◆ Records for this exercise:

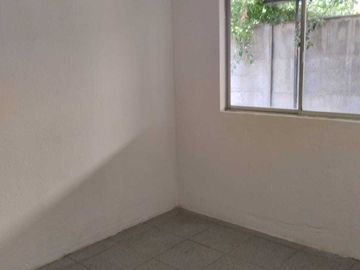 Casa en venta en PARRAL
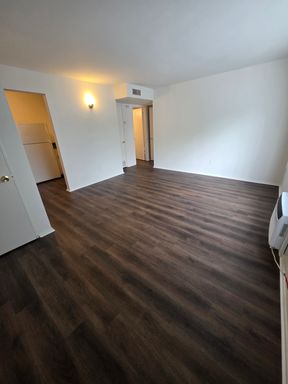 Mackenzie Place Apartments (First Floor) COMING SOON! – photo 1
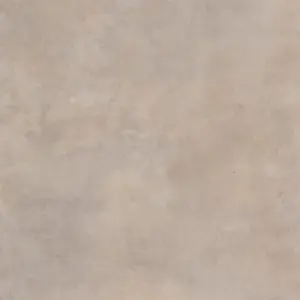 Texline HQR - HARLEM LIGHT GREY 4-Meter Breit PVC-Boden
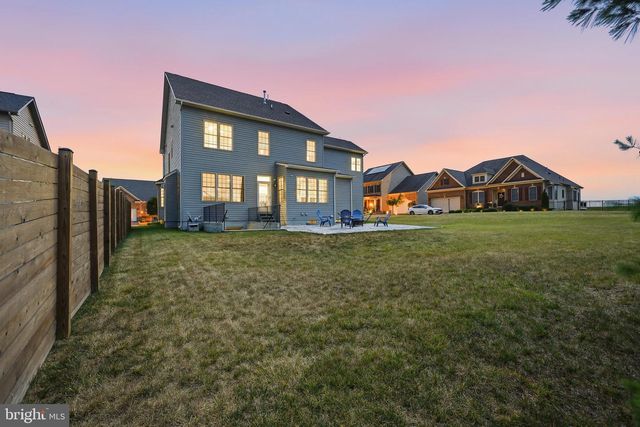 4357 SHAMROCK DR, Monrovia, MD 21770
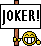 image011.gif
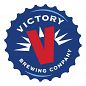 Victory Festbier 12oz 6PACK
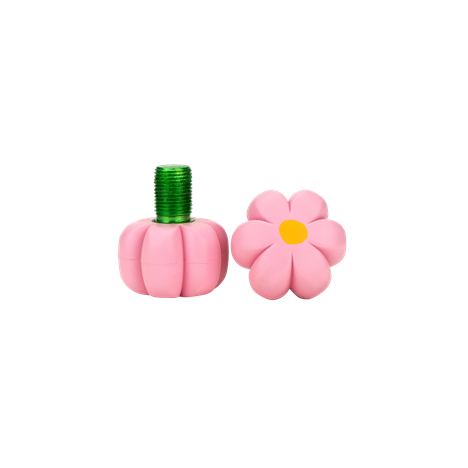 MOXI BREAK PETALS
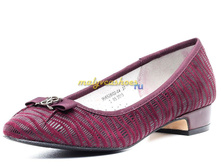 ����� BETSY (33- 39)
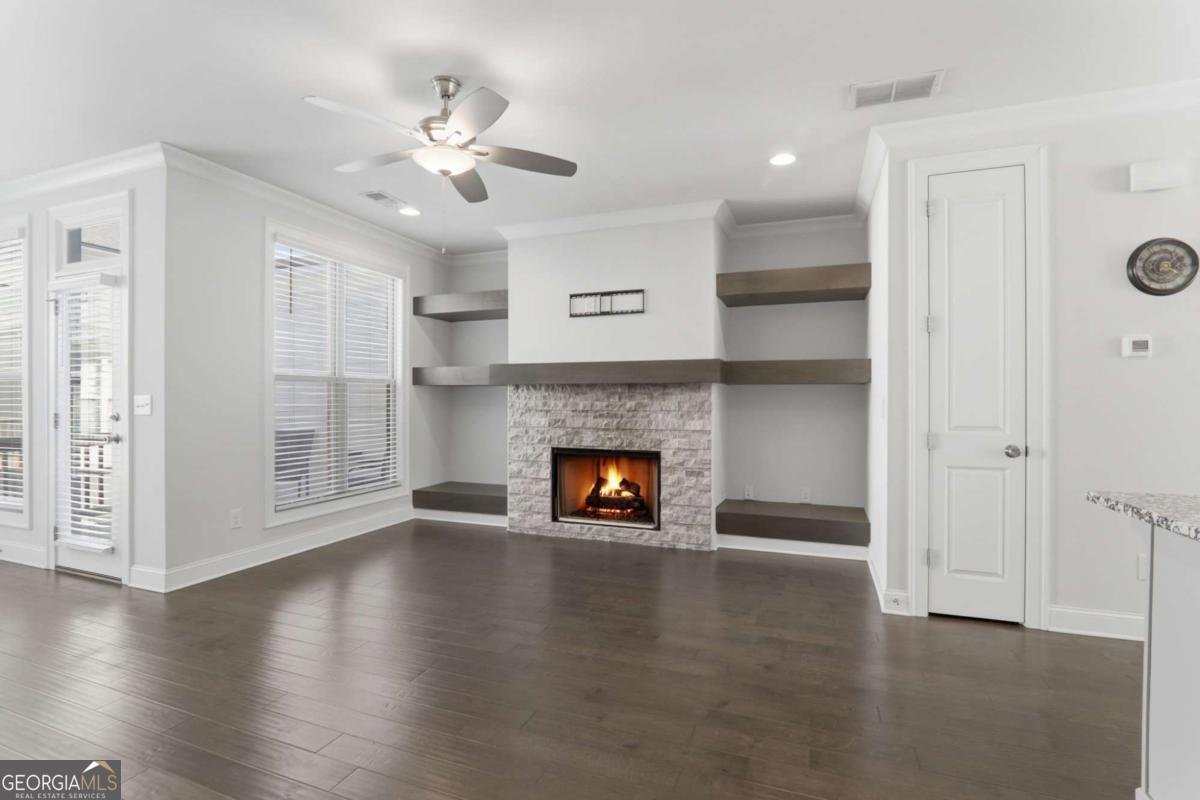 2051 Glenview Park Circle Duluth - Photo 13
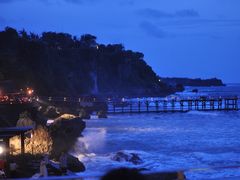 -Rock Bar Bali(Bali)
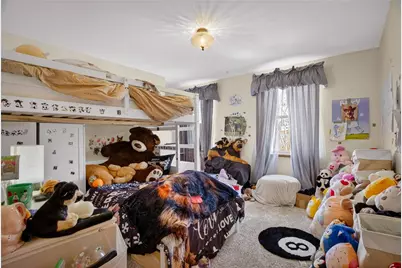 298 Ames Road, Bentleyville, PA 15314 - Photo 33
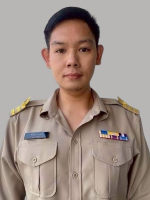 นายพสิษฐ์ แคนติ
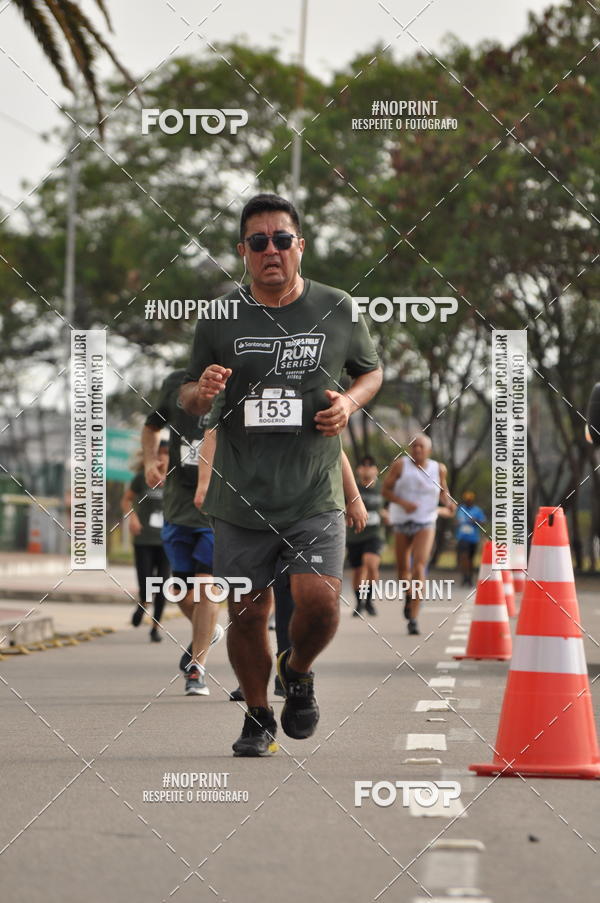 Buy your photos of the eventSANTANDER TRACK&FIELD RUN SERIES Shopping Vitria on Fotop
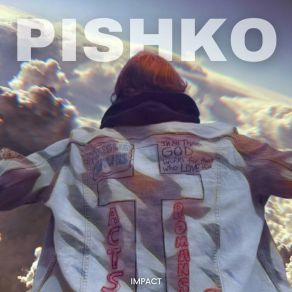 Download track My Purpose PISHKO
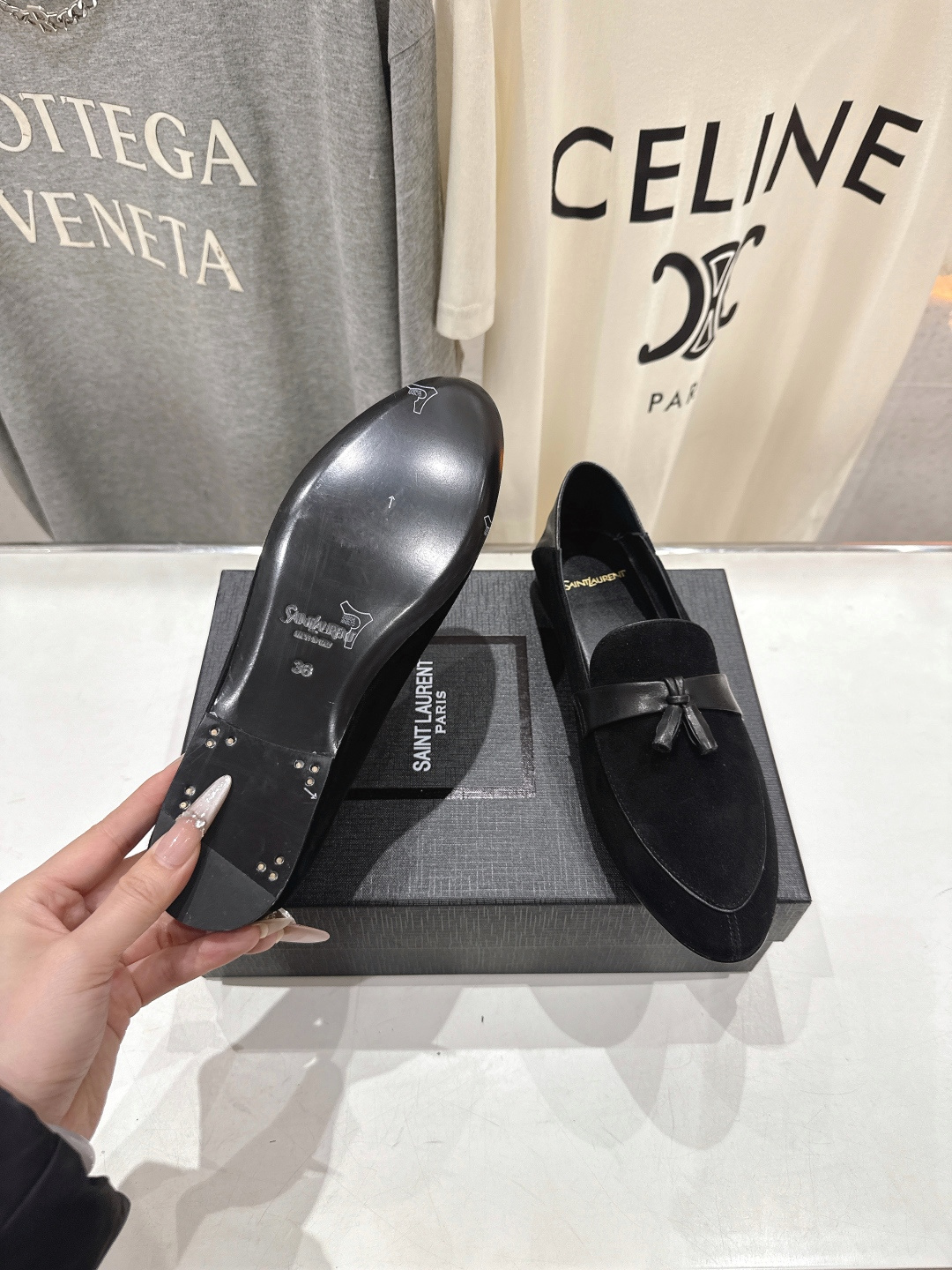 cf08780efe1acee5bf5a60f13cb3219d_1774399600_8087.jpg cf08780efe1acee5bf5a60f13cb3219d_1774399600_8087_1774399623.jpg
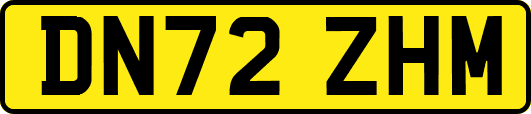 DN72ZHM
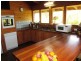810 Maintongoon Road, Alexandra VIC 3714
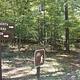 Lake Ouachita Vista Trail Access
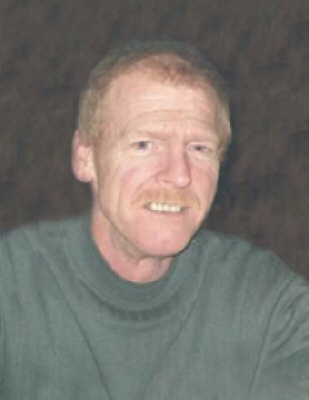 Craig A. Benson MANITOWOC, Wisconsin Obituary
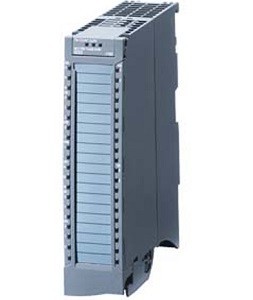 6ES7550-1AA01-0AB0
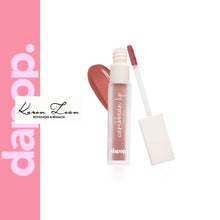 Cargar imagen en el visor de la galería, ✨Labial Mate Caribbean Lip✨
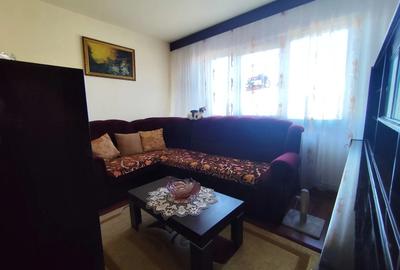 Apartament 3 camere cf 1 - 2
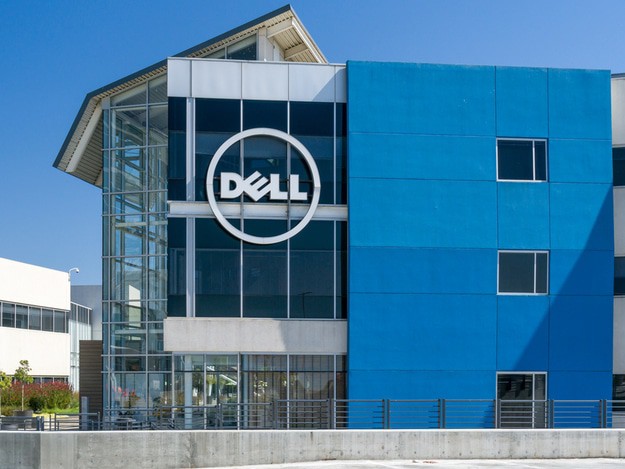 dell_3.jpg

◆ Work required:
From the first line to the last, please copy the data exactly, with the pictures left out.

◆ Solution for this exercise:
 Casa en venta en PARRAL
 Mackenzie Place Apartments (First Floor) COMING SOON! – photo 1
 Texline HQR - HARLEM LIGHT GREY 4-Meter Breit PVC-Boden
 4357 SHAMROCK DR, Monrovia, MD 21770
 image011.gif
 Victory Festbier 12oz 6PACK
 MOXI BREAK PETALS
 ����� BETSY (33- 39)
 2051 Glenview Park Circle Duluth - Photo 13
 -Rock Bar Bali(Bali)
 298 Ames Road, Bentleyville, PA 15314 - Photo 33
 นายพสิษฐ์ แคนติ
 Buy your photos of the eventSANTANDER TRACK&FIELD RUN SERIES Shopping Vitria on Fotop
 Download track My Purpose PISHKO
 cf08780efe1acee5bf5a60f13cb3219d_1774399600_8087.jpg cf08780efe1acee5bf5a60f13cb3219d_1774399600_8087_1774399623.jpg
 DN72ZHM
810 Maintongoon Road, Alexandra VIC 3714
 Lake Ouachita Vista Trail Access
 Craig A. Benson MANITOWOC, Wisconsin Obituary
 6ES7550-1AA01-0AB0
 Cargar imagen en el visor de la galería, ✨Labial Mate Caribbean Lip✨
 Apartament 3 camere cf 1 - 2
 dell_3.jpg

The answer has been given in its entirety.